The EPA requires hazardous waste incinerators to meet a standard of 99.99% destruction and removal of hazardous constituents injected into the incinerator. Determine the allowable quantity of contaminant in the exit stream if the incinerator is burning 1.0000 g/s of hazardous constituent.
If the incinerator is 90% efficient in destroying the hazardous constituent, what scrubber (which injects water into the process) efficiency is required to meet the standard?

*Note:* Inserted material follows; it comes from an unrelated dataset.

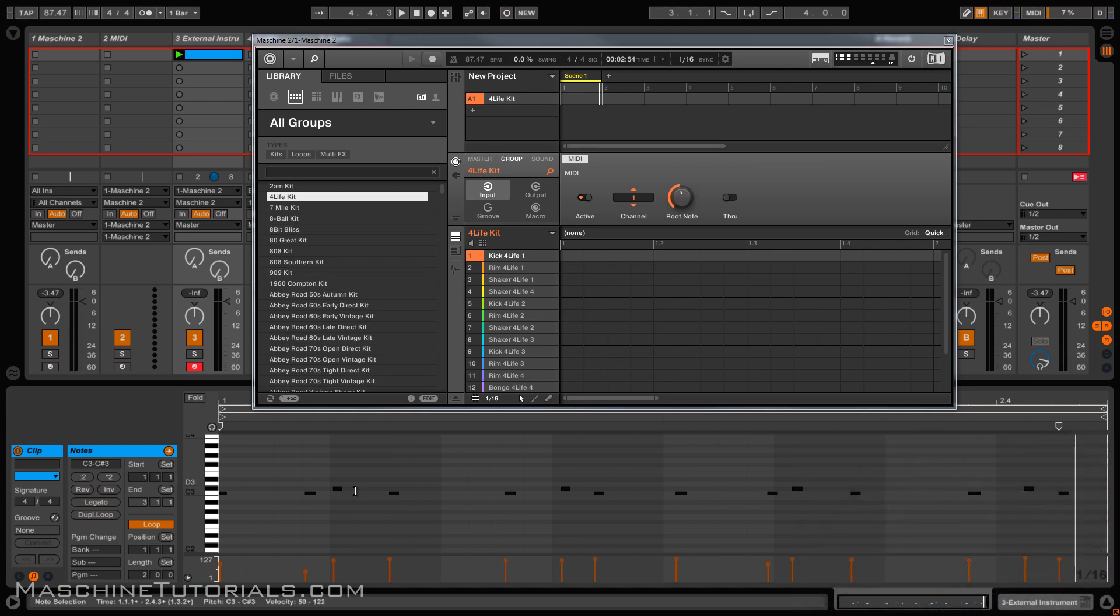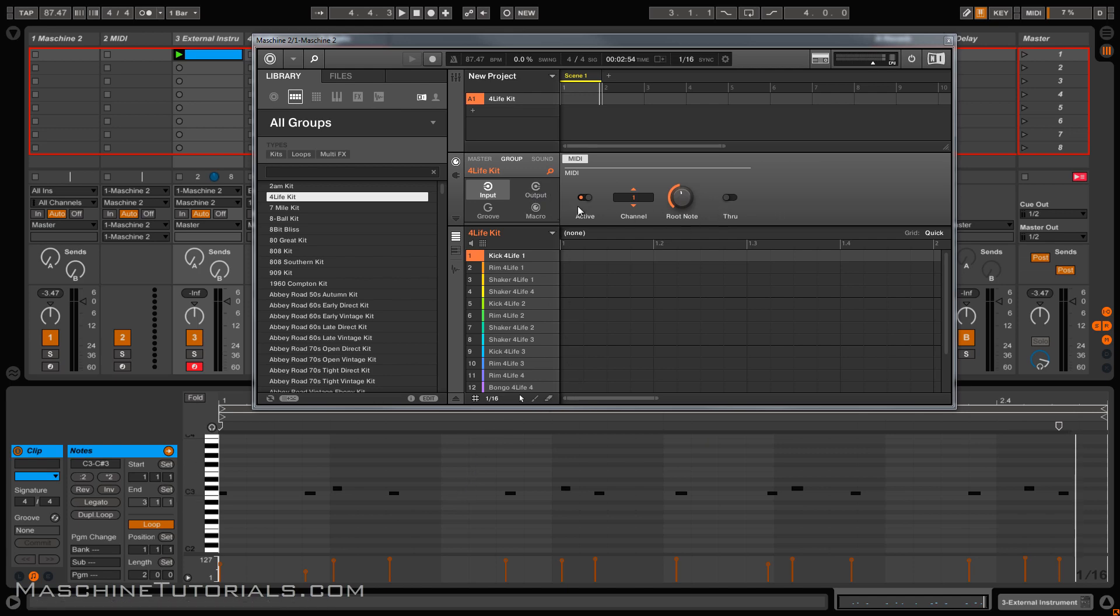So you got the MIDI going in, you got it triggering Machine, no more MIDI feedback loop. Main thing you want to remember is make sure you turn off that MIDI through. So when you have all these selected,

Any help is appreciated, thank you!
To determine the allowable quantity of contaminant in the exit stream of the incinerator, we first need to calculate the amount of hazardous constituent that is destroyed during the incineration process.
Given that the incinerator is burning 1.0000 g/s of hazardous constituent and is 90% efficient in destroying it, we can calculate the amount of hazardous constituent that is destroyed per second:
Amount destroyed per second = 1.0000 g/s * 0.9 = 0.9000 g/s
Now, we need to determine the maximum allowable quantity of contaminant in the exit stream to meet the EPA standard of 99.99% destruction and removal.

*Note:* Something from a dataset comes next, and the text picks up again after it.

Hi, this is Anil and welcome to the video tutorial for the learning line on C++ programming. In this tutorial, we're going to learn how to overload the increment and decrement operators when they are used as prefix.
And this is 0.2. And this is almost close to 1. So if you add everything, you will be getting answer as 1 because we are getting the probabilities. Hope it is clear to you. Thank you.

To achieve 99.99% destruction and removal, the remaining quantity of contaminant in the exit stream should be:
0.0001% of the hazardous constituent burnt
Therefore, the maximum allowable quantity of contaminant in the exit stream is:
Allowable quantity of contaminant = 0.0001/100 * 0.9000 g/s = 0.00000009 g/s
Now, let's move on to determining the scrubber efficiency required to meet this standard. The scrubber injects water into the process to remove contaminants.
To calculate the required scrubber efficiency, we need to consider the mass balance equation:
Mass of contaminant in the exit stream = Mass of contaminant in the input stream - Mass of contaminant removed by the scrubber
We know that the mass of contaminant in the exit stream should be 0.00000009 g/s. Assuming that the scrubber removes a fraction 'x' of the contaminant, the mass balance equation becomes:
0.00000009 g/s = 1.0000 g/s - x * 1.0000 g/s
Simplifying the equation:
x * 1.0000 g/s = 1.0000 g/s - 0.00000009 g/s
x = (1.0000 g/s - 0.00000009 g/s) / 1.0000 g/s
Calculating x:
x ≈ 0.99999991
Therefore, the scrubber efficiency required to meet the standard is approximately 99.999991%.
Please note that these calculations are based on the given information and assumptions. Different conditions or requirements may lead to different results.